La dette publique américaine a franchi pour la première fois le seuil des 40 000 milliards de dollars, selon les données publiées mercredi par le département du Trésor, dans un contexte de hausse des coûts d’emprunt.

La dette du Trésor américain s’est élevée à 40 047 milliards de dollars après l’émission mardi d’obligations à court terme, conséquence de l’augmentation des emprunts liés à la santé, à la sécurité sociale et à la hausse des paiements d’intérêts.

Cette progression est plus rapide que prévu par le Bureau du budget du Congrès, qui estimait la dette à 39 400 milliards de dollars à la fin de l’exercice en cours. Cette évolution intervient sur fond de craintes liées à l’inflation provoquée par la guerre au Moyen-Orient et la hausse des prix de l’énergie, ce qui a entraîné une augmentation inédite des coûts d’emprunt depuis plusieurs années.

Mardi, les rendements des obligations américaines à long terme (30 ans) ont atteint leur plus haut niveau depuis 2007, poussant l’État à accroître ses dépenses pour refinancer sa dette à des taux plus élevés, aggravant ainsi l’endettement. Le Trésor a annoncé mercredi un programme élargi de rachat d’obligations à long terme à partir de septembre, ce qui a contribué à apaiser les taux d’intérêt et à rassurer les investisseurs.

Jessica Riedl, chercheuse en finances publiques à la Brookings Institution, a estimé que le rythme du déficit fédéral n’est pas soutenable. La dette américaine a plus que doublé depuis la crise de 2008, atteignant environ 125 % du produit intérieur brut. Le déficit actuel se situe entre 7 et 8 % du PIB, contre des inquiétudes précédentes à 3 ou 4 %, ce qui accroît la nervosité des marchés financiers.
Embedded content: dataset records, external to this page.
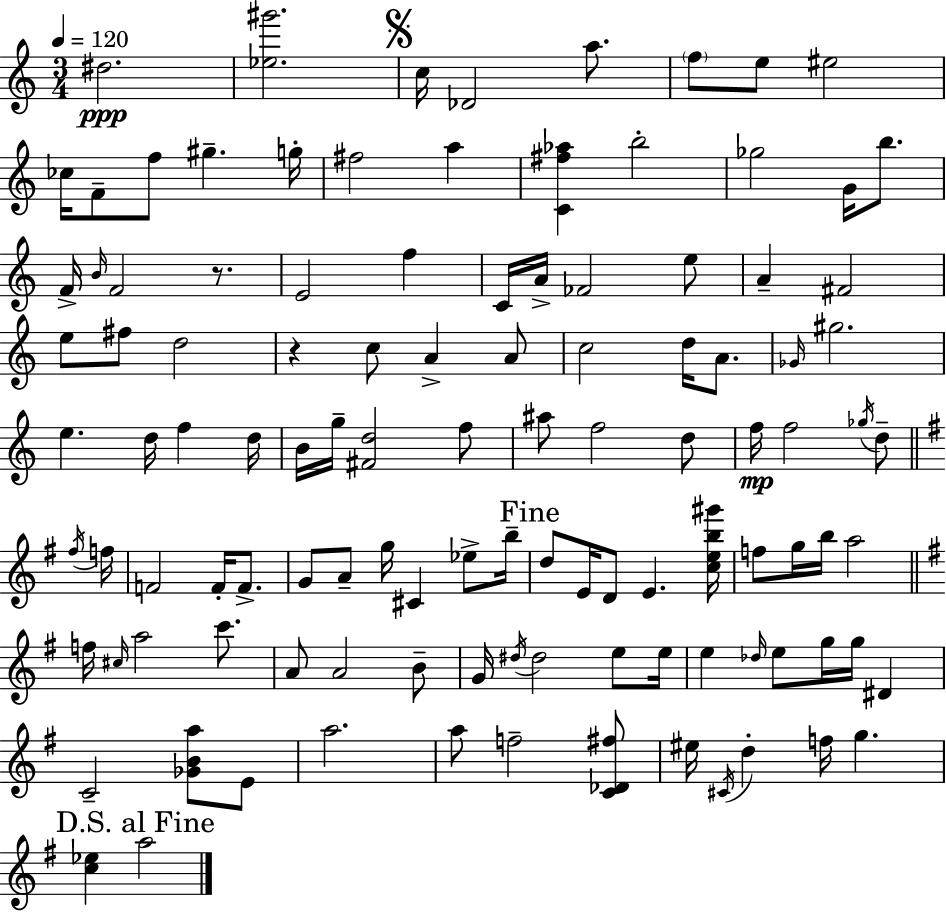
{
  \clef treble
  \numericTimeSignature
  \time 3/4
  \key a \minor
  \tempo 4 = 120
  dis''2.\ppp | <ees'' gis'''>2. | \mark \markup { \musicglyph "scripts.segno" } c''16 des'2 a''8. | \parenthesize f''8 e''8 eis''2 | \break ces''16 f'8-- f''8 gis''4.-- g''16-. | fis''2 a''4 | <c' fis'' aes''>4 b''2-. | ges''2 g'16 b''8. | \break f'16-> \grace { b'16 } f'2 r8. | e'2 f''4 | c'16 a'16-> fes'2 e''8 | a'4-- fis'2 | \break e''8 fis''8 d''2 | r4 c''8 a'4-> a'8 | c''2 d''16 a'8. | \grace { ges'16 } gis''2. | \break e''4. d''16 f''4 | d''16 b'16 g''16-- <fis' d''>2 | f''8 ais''8 f''2 | d''8 f''16\mp f''2 \acciaccatura { ges''16 } | \break d''8-- \bar "||" \break \key g \major \acciaccatura { fis''16 } f''16 f'2 f'16-. f'8.-> | g'8 a'8-- g''16 cis'4 ees''8-> | b''16-- \mark "Fine" d''8 e'16 d'8 e'4. | <c'' e'' b'' gis'''>16 f''8 g''16 b''16 a''2 | \break \bar "||" \break \key g \major f''16 \grace { cis''16 } a''2 c'''8. | a'8 a'2 b'8-- | g'16 \acciaccatura { dis''16 } dis''2 e''8 | e''16 e''4 \grace { des''16 } e''8 g''16 g''16 dis'4 | \break c'2-- <ges' b' a''>8 | e'8 a''2. | a''8 f''2-- | <c' des' fis''>8 eis''16 \acciaccatura { cis'16 } d''4-. f''16 g''4. | \break \mark "D.S. al Fine" <c'' ees''>4 a''2 | \bar "|."
}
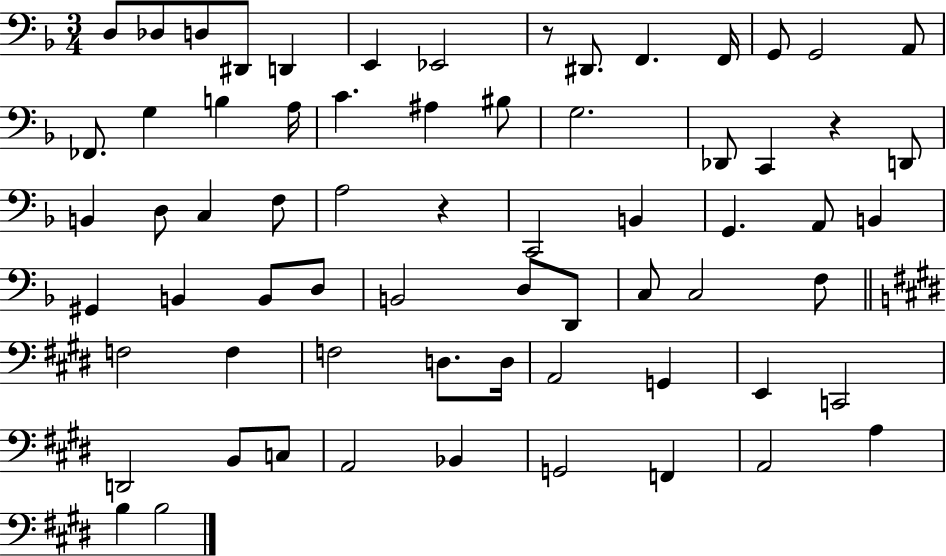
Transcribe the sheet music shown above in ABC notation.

X:1
T:Untitled
M:3/4
L:1/4
K:F
D,/2 _D,/2 D,/2 ^D,,/2 D,, E,, _E,,2 z/2 ^D,,/2 F,, F,,/4 G,,/2 G,,2 A,,/2 _F,,/2 G, B, A,/4 C ^A, ^B,/2 G,2 _D,,/2 C,, z D,,/2 B,, D,/2 C, F,/2 A,2 z C,,2 B,, G,, A,,/2 B,, ^G,, B,, B,,/2 D,/2 B,,2 D,/2 D,,/2 C,/2 C,2 F,/2 F,2 F, F,2 D,/2 D,/4 A,,2 G,, E,, C,,2 D,,2 B,,/2 C,/2 A,,2 _B,, G,,2 F,, A,,2 A, B, B,2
Le sénateur démocrate Mark Kelly a rappelé que l’ancien président Donald Trump avait promis de rembourser la dette lors de son premier mandat, mais l’a laissée à 40 000 milliards de dollars. De son côté, le sénateur républicain Rick Scott a appelé le Congrès à maîtriser les dépenses et à équilibrer le budget. Le secrétaire au Trésor Scott Besant avait pour objectif de ramener le déficit à 3 % du PIB, mais celui-ci s’est récemment aggravé en raison du remboursement par les entreprises de droits de douane annulés par la Cour suprême en février, de la hausse des dépenses militaires, notamment à cause de la guerre avec l’Iran, et des baisses d’impôts qui ont réduit les recettes du Trésor.

Les analystes soulignent qu’il n’existe pas de seuil précis d’endettement par rapport au PIB qui déclencherait automatiquement une crise, mais que la part de la dette détenue par le public est l’indicateur le plus significatif sur le plan économique. Riedl estime que ces signaux psychologiques constituent un avertissement pour les marchés financiers. Caleb Quakenbush, directeur de la politique budgétaire au Bipartisan Policy Center, rappelle que les emprunts fédéraux ont augmenté lors de la crise financière de 2007 à 2009, puis à nouveau pendant la pandémie de Covid-19, sans réponse durable du Congrès ou des administrations américaines, ce qui pourrait entraîner de graves problèmes en cas de nouvelle crise.